"..Sana gelmeye gücüm yetmemeliydi. Çaresizliğimin bütün hıncını mesafelere yüklemeliydim.Dağda yanan bir çoban ateşi gibi, gökte bir yıldız gibi. Seni görmeli, seni yaşamalı ve senden çok uzaklarda olmalıydım."
•
Yanlış ile hatayı birbirinden ne ayırır? Toprak yolda attığı her adımda kendine tekrar tekrar bu soruyu yöneltiyor ve her defasında farklı bir cevap arıyordu Cevher. Zalim, kati yanıtlardan kaçınmak şakağında filizlenmek için an kollayan ağrıyı püskürtmesine yardımcı oluyordu.

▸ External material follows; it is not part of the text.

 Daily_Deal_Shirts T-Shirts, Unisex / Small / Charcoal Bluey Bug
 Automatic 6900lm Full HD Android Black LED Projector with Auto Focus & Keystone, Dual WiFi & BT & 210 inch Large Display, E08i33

Bu kaçışın sağlayıcısı zihninde bozuk kaset gibi yinelenen müzikti.
Çocukluğundan kalma reklam şarkısı, kendini unutturmayan sözleriyle, bir fon olmuş düşüncelerine eşlik ediyordu.
Yanlış ile hatayı birbirinden ne ayırır? Tekrar bu noktaya odaklanmak için çaba harcadı. Şayet etrafta Tarık Sümer olsaydı ve onun sorusunu duysaydı fırsatı kaçırmazdı. Mürekkep kokulu, despot bir üslupla kasıt derdi ve eklerdi. Yanlış bir kurala, gerçeğe, doğruya uymama; hata ise bir yanlışın bilinç taşımayan halidir.
Cevher tatmin edici bulmazdı bunu. Karşısında bizzat babası olsaydı yeni bir soru daha sormak isterdi. Kafasındaki o siktiriboktan melodileri susturduktan sonra tabi.
Pişmanlık baskülünde hangisi daha ağırdır? Ela gözlerini miras aldığı, uzun, zayıf adamın kesinlikle buna da bir yanıtı olurdu ve muhtemelen hata derdi. Hatalar insana daha çok keşke dedirtir çünkü.
Aslında tüm bu hayali diyalogun Cevher için hiçbir önemi yoktu. Ne özrün ne de pişmanlığın boğazındaki düğümü çözecek sihirli hamle olmadığını biliyordu.
Efe hatırlamıyordu ancak bahsettiği parti Cevher'in Gölbaşı'ndaki evindeydi. Ankara'da olduğu süreç boyunca kiraladığı villa tipi bu eve ihtiyaç duymadığında uğramazdı Cevher. Genelde İstanbul'dan onu sık sık ziyarete gelen annesi, nadiren babası olunca oraya giderdi. Sanki hep evde kalıyormuş, düzenli hayat sürüyormuş numaraları çekmek için. Misafirlerini yolcu edince de evi yardımcıya bırakır, Tibet ve Tekin'in de içinde olduğu yakın arkadaşlarıyla gününü gün eder, rastgele bir yerde uyur, rastgele bir yerde uyanırdı.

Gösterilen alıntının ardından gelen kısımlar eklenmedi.